Alteration to the natural flow regimes of rivers, streams, floodplains and wetlands has been identified as a critical threat to 29 plants, 22 animals and 12 threatened ecological communities. Of these, 35 are currently under management through the Saving our Species program (NSW Government 2002).

Improving water quality

NSW Water Quality Governance Roadmap

The NSW Water Quality Governance Roadmap identifies initiatives to support continual improvement of water quality governance and broader reforms to it.

The development of the roadmap included research into arrangements and frameworks for water quality management and monitoring across NSW to better understand the challenges and opportunities for improvement. The research focused on better understanding of the regulatory framework and policy context, roles and responsibilities and existing programs.

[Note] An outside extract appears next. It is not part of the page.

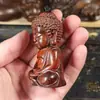 Estatua Pequeña de Buda Tathagata Tallada en Sándalo Rojo Hoja Pequeña Sakyamuni Pieza de Mango Colgante Artesanal Talla de Madera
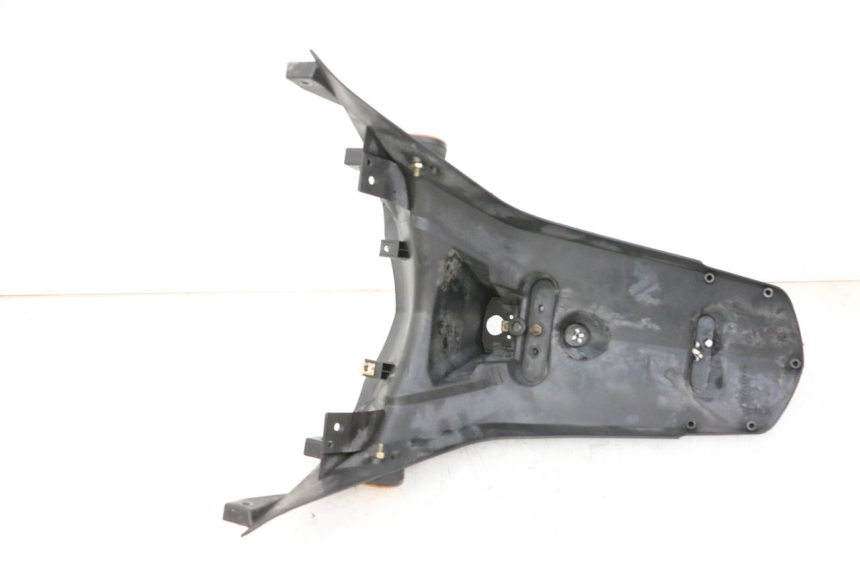 photo de PARAFANGO POSTERIORE PEUGEOT TWEET PRO CARGO 50 (2018 - 2020) - Zoom sullo stato d'uso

Recognising the challenges of shared management of water quality across NSW, the roadmap presents a pathway for better integrating the management of land, water and natural resources in NSW to improve water quality management.

NSW Water Quality Monitoring Framework

The water quality framework project is a 12-month initiative to develop and implement a statewide system for collecting, managing, sharing, and accessing water quality data across government agencies.

The project aims to address the gaps and challenges identified by the Office of the Chief Scientist and Engineer’s report on fish deaths, and improve the environmental outcomes and public awareness of water quality issues. It involves collaboration and consultation with key stakeholders and will use existing tools and platforms, such as SEED and Water Insights.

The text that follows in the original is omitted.